XFe4Ge2 (X = Y, Lu) and Mn3Pt: Filling-enforced magnetic topological metals

TL;DR

This study identifies filling-enforced magnetic topological metals, specifically XFe4Ge2 (X=Y, Lu) and Mn3Pt, revealing Dirac and Weyl points protected by symmetries, with properties robust against Coulomb interactions.

Contribution

It provides a comprehensive first-principles analysis showing these materials are filling-enforced magnetic topological metals with symmetry-protected Dirac and Weyl points.

Findings

XFe4Ge2 hosts Dirac points near Fermi level protected by PT and screw symmetries.

Breaking PT symmetry splits Dirac points into Weyl nodes.

Topological properties are insensitive to Coulomb U effects.

Abstract

Magnetism, coupled with nontrivial band topology, can bring about many interesting and exotic phenomena, so that magnetic topological materials have attracted persistent research interest. However, compared with non-magnetic topological materials (TMs), the magnetic TMs are less studied, since their magnetic structures and topological phase transitions are usually complex and the first-principles predictions are usually sensitive on the effect of Coulomb interaction.

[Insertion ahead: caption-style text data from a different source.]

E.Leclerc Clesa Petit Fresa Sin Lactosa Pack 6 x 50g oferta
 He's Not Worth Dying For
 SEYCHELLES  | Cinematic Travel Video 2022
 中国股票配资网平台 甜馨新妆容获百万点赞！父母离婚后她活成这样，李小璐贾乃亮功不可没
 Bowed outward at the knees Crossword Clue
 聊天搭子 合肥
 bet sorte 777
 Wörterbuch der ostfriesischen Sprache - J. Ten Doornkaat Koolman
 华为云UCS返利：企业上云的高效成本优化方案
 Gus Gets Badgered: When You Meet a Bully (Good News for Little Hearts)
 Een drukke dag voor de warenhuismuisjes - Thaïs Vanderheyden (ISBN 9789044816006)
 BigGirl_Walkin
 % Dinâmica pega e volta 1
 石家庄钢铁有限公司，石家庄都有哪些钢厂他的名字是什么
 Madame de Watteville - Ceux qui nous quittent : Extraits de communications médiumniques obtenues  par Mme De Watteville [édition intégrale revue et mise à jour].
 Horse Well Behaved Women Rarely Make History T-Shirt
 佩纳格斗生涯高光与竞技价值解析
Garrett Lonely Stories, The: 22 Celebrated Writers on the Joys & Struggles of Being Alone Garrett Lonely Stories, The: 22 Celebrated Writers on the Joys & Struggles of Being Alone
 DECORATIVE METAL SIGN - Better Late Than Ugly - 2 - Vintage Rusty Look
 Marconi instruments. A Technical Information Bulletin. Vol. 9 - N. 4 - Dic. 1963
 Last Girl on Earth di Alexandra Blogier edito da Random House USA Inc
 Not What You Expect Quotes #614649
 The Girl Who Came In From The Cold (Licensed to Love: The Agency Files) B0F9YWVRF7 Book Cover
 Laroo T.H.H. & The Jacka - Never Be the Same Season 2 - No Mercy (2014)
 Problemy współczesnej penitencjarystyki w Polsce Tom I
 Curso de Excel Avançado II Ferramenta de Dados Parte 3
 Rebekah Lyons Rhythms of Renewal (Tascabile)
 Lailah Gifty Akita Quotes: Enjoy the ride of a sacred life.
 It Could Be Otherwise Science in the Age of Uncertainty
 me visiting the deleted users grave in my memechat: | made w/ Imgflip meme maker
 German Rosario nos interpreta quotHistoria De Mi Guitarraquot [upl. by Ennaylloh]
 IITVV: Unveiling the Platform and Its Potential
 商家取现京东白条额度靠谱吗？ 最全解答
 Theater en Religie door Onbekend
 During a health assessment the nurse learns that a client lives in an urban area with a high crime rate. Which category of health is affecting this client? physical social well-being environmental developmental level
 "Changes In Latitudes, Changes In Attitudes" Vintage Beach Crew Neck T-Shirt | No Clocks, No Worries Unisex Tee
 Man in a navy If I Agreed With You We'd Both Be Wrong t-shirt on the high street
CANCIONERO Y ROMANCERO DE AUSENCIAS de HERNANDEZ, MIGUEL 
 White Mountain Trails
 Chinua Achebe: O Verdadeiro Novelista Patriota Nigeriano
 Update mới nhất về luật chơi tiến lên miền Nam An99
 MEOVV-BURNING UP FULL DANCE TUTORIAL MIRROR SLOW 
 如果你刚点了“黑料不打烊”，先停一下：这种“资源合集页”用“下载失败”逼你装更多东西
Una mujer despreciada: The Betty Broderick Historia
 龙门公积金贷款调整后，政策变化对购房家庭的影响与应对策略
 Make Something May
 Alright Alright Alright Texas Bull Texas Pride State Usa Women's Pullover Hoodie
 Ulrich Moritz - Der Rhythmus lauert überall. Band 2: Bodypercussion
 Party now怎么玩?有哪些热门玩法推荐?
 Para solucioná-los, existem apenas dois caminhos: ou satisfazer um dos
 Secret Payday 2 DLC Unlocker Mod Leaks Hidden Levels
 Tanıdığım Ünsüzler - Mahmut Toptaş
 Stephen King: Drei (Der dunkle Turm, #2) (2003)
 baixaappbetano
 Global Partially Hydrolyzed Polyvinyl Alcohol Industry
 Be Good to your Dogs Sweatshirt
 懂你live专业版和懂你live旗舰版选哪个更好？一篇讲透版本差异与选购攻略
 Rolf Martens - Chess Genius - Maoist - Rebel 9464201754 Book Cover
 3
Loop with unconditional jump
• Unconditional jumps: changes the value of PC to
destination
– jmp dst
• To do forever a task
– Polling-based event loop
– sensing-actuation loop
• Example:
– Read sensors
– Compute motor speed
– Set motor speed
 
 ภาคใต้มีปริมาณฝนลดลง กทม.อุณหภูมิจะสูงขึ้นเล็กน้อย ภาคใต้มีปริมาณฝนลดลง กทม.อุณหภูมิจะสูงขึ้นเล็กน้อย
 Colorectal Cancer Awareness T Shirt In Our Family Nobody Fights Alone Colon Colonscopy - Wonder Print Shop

In this work, we present a comprehensive investigation of XFe4Ge2 (X = Y, Lu) and Mn3Pt, and find these materials to be filling-enforced magnetic topological metals. Our first-principles calculations show that XFe4Ge2 (X = Y, Lu) host Dirac points near the Fermi level at high symmetry point S. These Dirac points are protected by PT symmetry (P and T are inversion and time-reversal transformations, respectively) and a 2-fold screw rotation symmetry. Moreover, through breaking PT symmetry, the Dirac points would split into Weyl nodes. Mn3Pt is found to host 4-fold degenerate band crossings in the whole high symmetry path of A-Z. We also utilize the GGA+U scheme to take into account the effect of Coulomb repulsion and find that the filling-enforced topological properties are naturally insensitive on U.